Mixed models. Random slopes only, mean and group centering? Are random intercepts a theoretical/practical prerequisite to random slopes? Why?
I have a three level (rep measures) mixed model where I wouldn't expect lvl 3 variation in initial status of outcome variable. That is, patients were randomly assigned to doctors, so their shouldn't be variation in mean of DV across doctors (all have equal chance of getting patients with high and low initial DV). 
Variation exists in intercepts of patients, this is ok.
Question is, is a random slopes only model at lvl 3 allowed. Every example I see always has random intercepts first. Is this because it must or because I just got unlucky with examples?
Also, does anyone know how different numerical structures of the subject/ID variables affect mixed model? 
I'd.
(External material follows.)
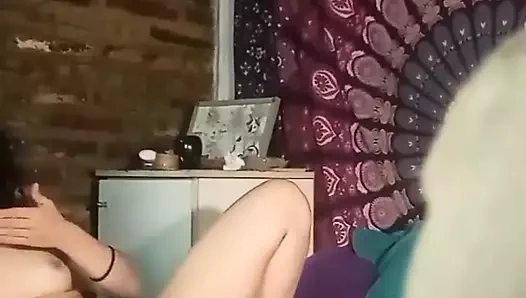 Mastürbasyon yaparken beni izleme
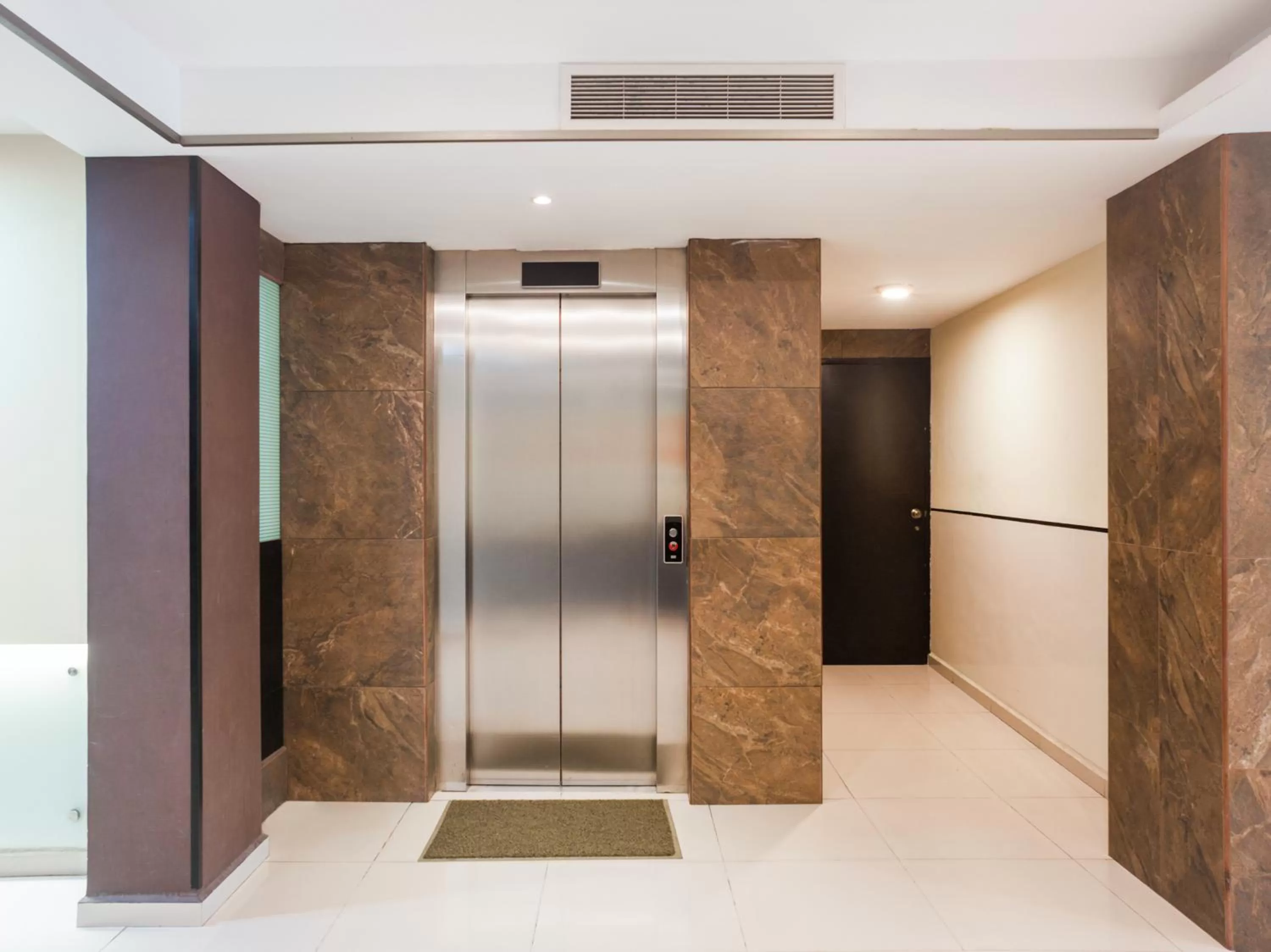 Area and facilities in Veracruz Suites Hotel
Having a unique identifier for both levels vs having a unique identifier within each group at lvl 2 (individuals). 
Also, can someone please explain the benefits, reasons and differences behind mean centered and group centered DVs?
Hope this is clear enough for discussion. 
Thanks 
 A: This all depends on the nature of your study.
When you fit random intercepts, without random slopes, this assumes that each subject has the same response to the treatment, but each subject has a different baseline value:

When you add random slopes, then you allow each subject to have a different response to the treatment, and each subject still has a different baseline value:

It you don't fit random intercepts, but retain the slopes then you assume that each subject has a different response to the treatment, and each subject has the SAME baseline value:

A: 
Question is, is a random slopes only model at lvl 3 allowed. Every example I see always has random intercepts first. Is this because it must or because I just got unlucky with examples?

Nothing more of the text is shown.